P. aeruginosa is naturally resistant to a large range of antibiotics and may demonstrate additional resistance after unsuccessful treatment, in particular, through modification of a porin. It should usually be possible to guide treatment according to laboratory sensitivities, rather than choosing an antibiotic empirically. If antibiotics are started empirically, then every effort should be made to obtain cultures (before administering first dose of antibiotic), and the choice of antibiotic used should be reviewed when the culture results are available.
Phage therapy against P. aeruginosa remains one of the most effective treatments, which can be combined with antibiotics, has no contraindications and minimal adverse effects. Phages are produced as sterile liquid, suitable for intake, applications etc. Phage therapy against ear infections caused by P. aeruginosa was reported in the journal Clinical Otolaryngology in August 2009
Antibiotics that have activity against P. aeruginosa may include:
- aminoglycosides (gentamicin, amikacin, tobramycin, but not kanamycin)
- quinolones (ciprofloxacin, levofloxacin, but not moxifloxacin)
- cephalosporins (ceftazidime, cefepime, cefoperazone, cefpirome, ceftobiprole, but not cefuroxime, cefotaxime)
- antipseudomonal penicillins: carboxypenicillins (carbenicillin and ticarcillin), and ureidopenicillins (mezlocillin, azlocillin, and piperacillin). P. aeruginosa is intrinsically resistant to all other penicillins.
- carbapenems (meropenem, imipenem, doripenem, but not ertapenem)

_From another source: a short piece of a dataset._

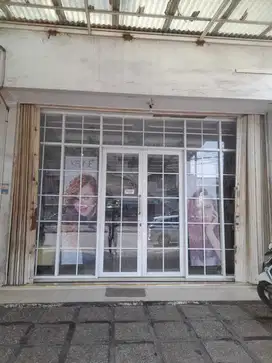 Dijual 2 Ruko di jalan Alternatif Cibubur dekat Trans Studio Mall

- polymyxins (polymyxin B and colistin)
- monobactams (aztreonam)
These antibiotics must all be given by injection, with the exceptions of fluoroquinolones, aerosolized tobramycin and aerosolized aztreonam. For this reason, in some hospitals, fluoroquinolone use is severely restricted to avoid the development of resistant strains of P. aeruginosa. In the rare occasions where infection is superficial and limited (for example, ear infections or nail infections), topical gentamicin or colistin may be used.
One of the most worrisome characteristics of P. aeruginosa is its low antibiotic susceptibility, which is attributable to a concerted action of multidrug efflux pumps with chromosomally encoded antibiotic resistance genes (e.g., mexAB, mexXY etc.) and the low permeability of the bacterial cellular envelopes. In addition to this intrinsic resistance, P. aeruginosa easily develops acquired resistance either by mutation in chromosomally encoded genes or by the horizontal gene transfer of antibiotic resistance determinants. Development of multidrug resistance by P. aeruginosa isolates requires several different genetic events, including acquisition of different mutations and/or horizontal transfer of antibiotic resistance genes. Hypermutation favours the selection of mutation-driven antibiotic resistance in P. aeruginosa strains producing chronic infections, whereas the clustering of several different antibiotic resistance genes in integrons favors the concerted acquisition of antibiotic resistance determinants. Some recent studies have shown phenotypic resistance associated to biofilm formation or to the emergence of small-colony variants may be important in the response of P. aeruginosa populations to antibiotics treatment.